The atomic layer deposition apparatus used for manufacturing a semiconductor element of the present invention has a simple structure in which one introduction port and one exhaust port are provided, respectively. Uniform gas distribution is achieved by injecting gas through one inlet port. The passageway is formed by dividing the interior of the chamber into a plurality of spaces and a part of the stage spaced apart from the chamber inner wall. Adjacent stages are spaced opposite one another from the chamber inner wall.

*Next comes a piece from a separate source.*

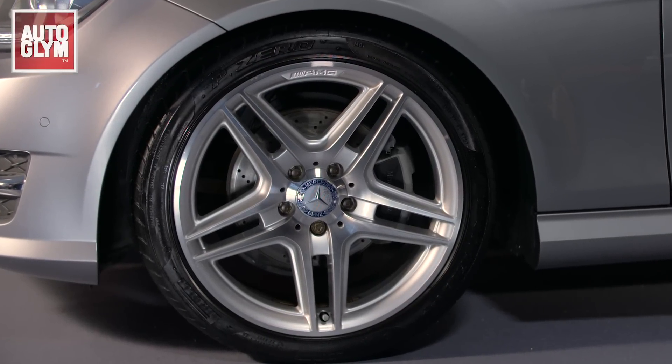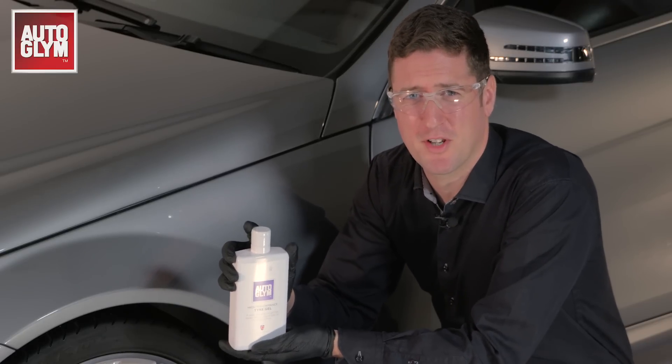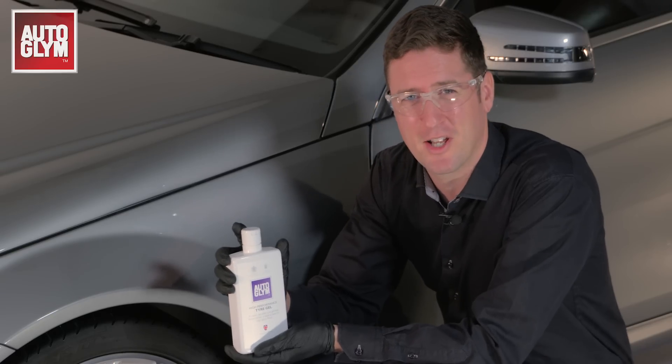Perfectly dressed tyres really complete the look of your wheels. High performance tyre gel is our most durable dressing yet. The thick gel clings to the tyres, eliminating fling.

Due to this structure, a uniform flow of zigzag flows through the flow path, and at the same time, a plurality of substrates are deposited to increase the speed of atomic layer deposition.

Claims (3)

In the atomic layer deposition apparatus used for manufacturing a semiconductor device, A vacuum chamber having an introduction port through which gas is introduced and an exhaust port through which the gas is discharged; The vacuum chamber is divided into a plurality of spaces and a portion thereof is installed to be spaced apart from the inner wall of the chamber, and includes a plurality of stages on which the substrate is placed, Adjacent stages are formed so that opposite sides are spaced apart from the inner wall of the chamber so that a flow path is formed, and the gas has a zigzag flow through the flow path. The method of claim 1, And the inlet port is provided at an uppermost side of the vacuum chamber so as to face up and down the exhaust port. The method according to claim 1 or 2, And one introduction port and one exhaust port, respectively.